[[ Record excerpts open ]]

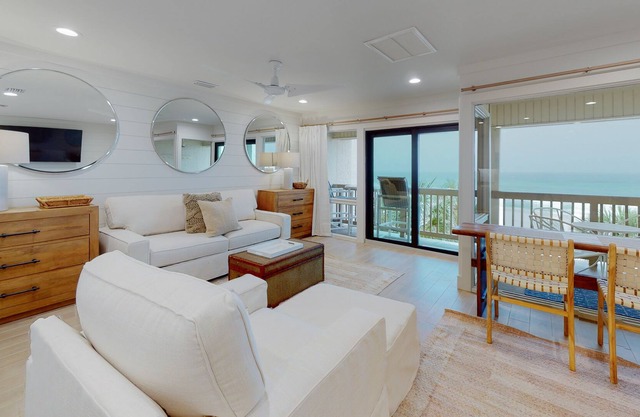 Bright condo on the Gulf with pool, beach access, hot tub, balcony & central AC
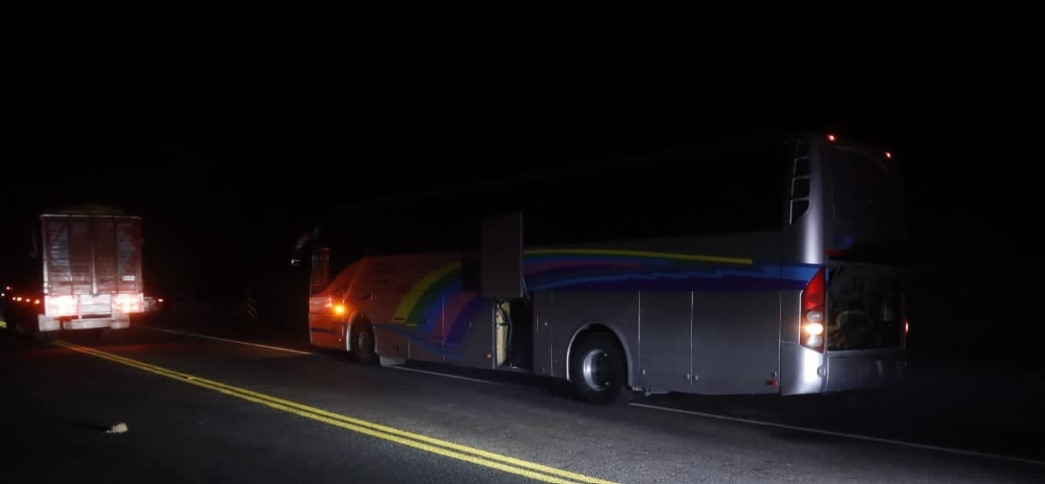 El vehículo que circulaba por la Autopista del Sol transportaba a los normalistas El vehículo que circulaba por la Autopista del Sol transportaba a los normalistas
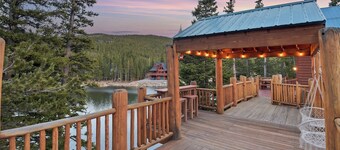 Colorado Luxury Cabin on the Lake, Mountain Views & Fishing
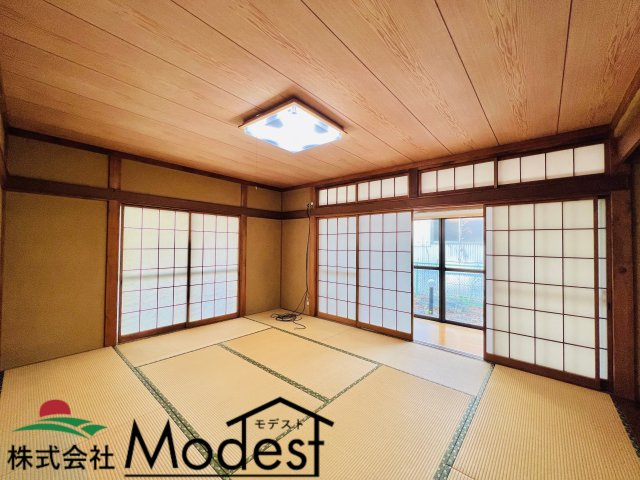 前橋市下小出町の居間・リビング|1階10帖の和室は、ご家族が自然と集まる空間♪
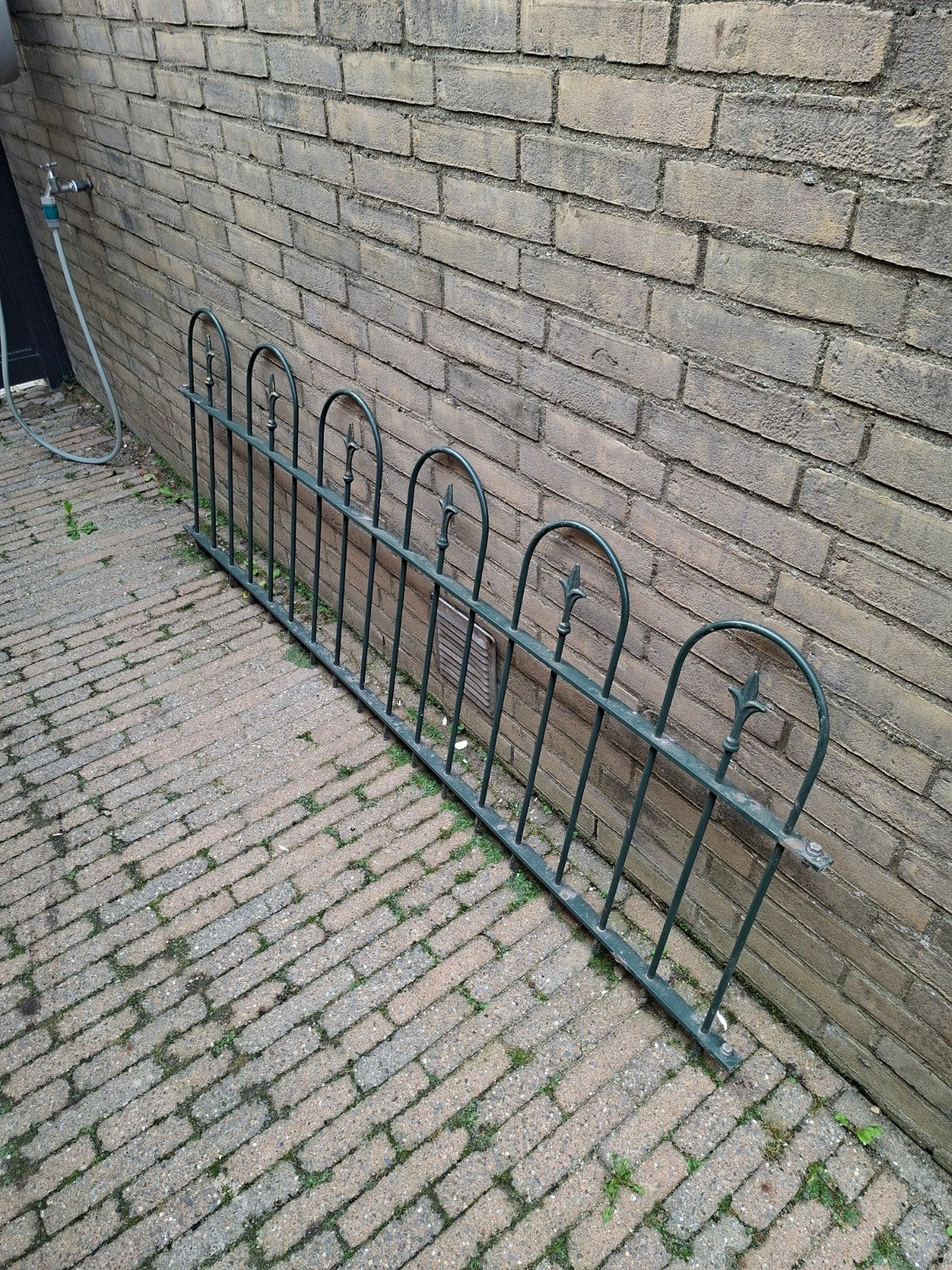 Foto 2 van IJzeren hekwerk met palen donkergroen - 3 delen (185x65cm)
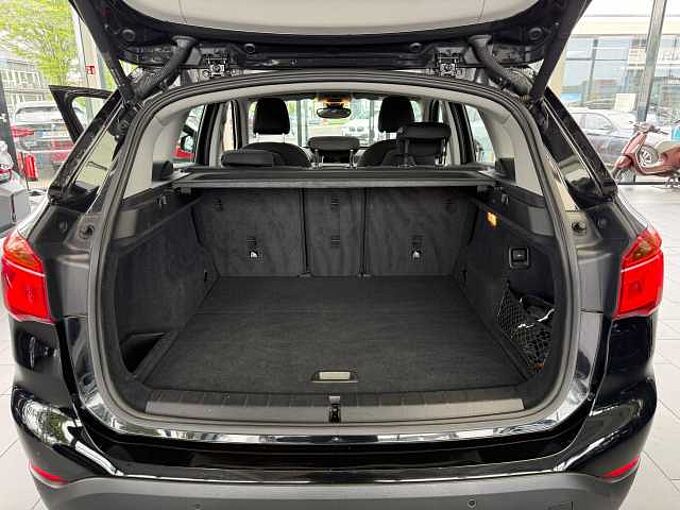BMW X1 sDrive 18i Automatik /Sitzheizung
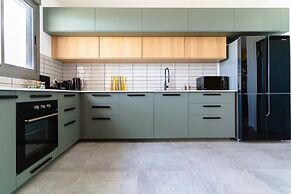 Panoramic Seaview Balcony Escape by Sea N Rent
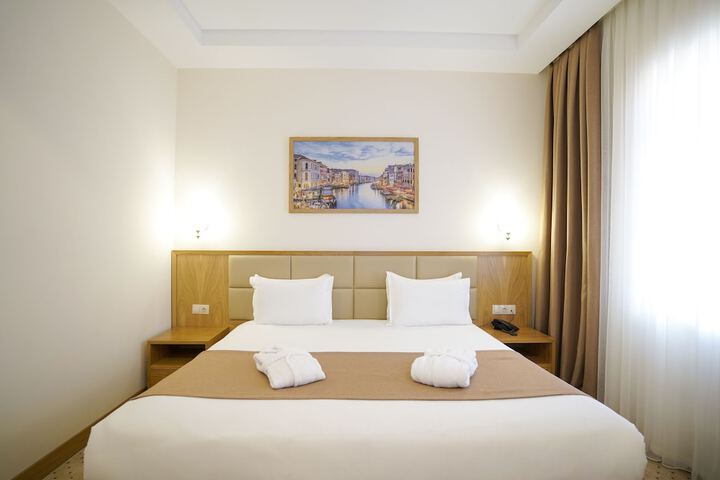 Room 4 of 23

[[ Record excerpts closed ]]

With pictures excluded, reproduce exactly the lines above from the one containing "Colorado Luxury Cabin" down to the one containing "Panoramic Seaview Balcony", those two included.

* Answer below:
 Colorado Luxury Cabin on the Lake, Mountain Views & Fishing
 前橋市下小出町の居間・リビング|1階10帖の和室は、ご家族が自然と集まる空間♪
 Foto 2 van IJzeren hekwerk met palen donkergroen - 3 delen (185x65cm)
BMW X1 sDrive 18i Automatik /Sitzheizung
 Panoramic Seaview Balcony Escape by Sea N Rent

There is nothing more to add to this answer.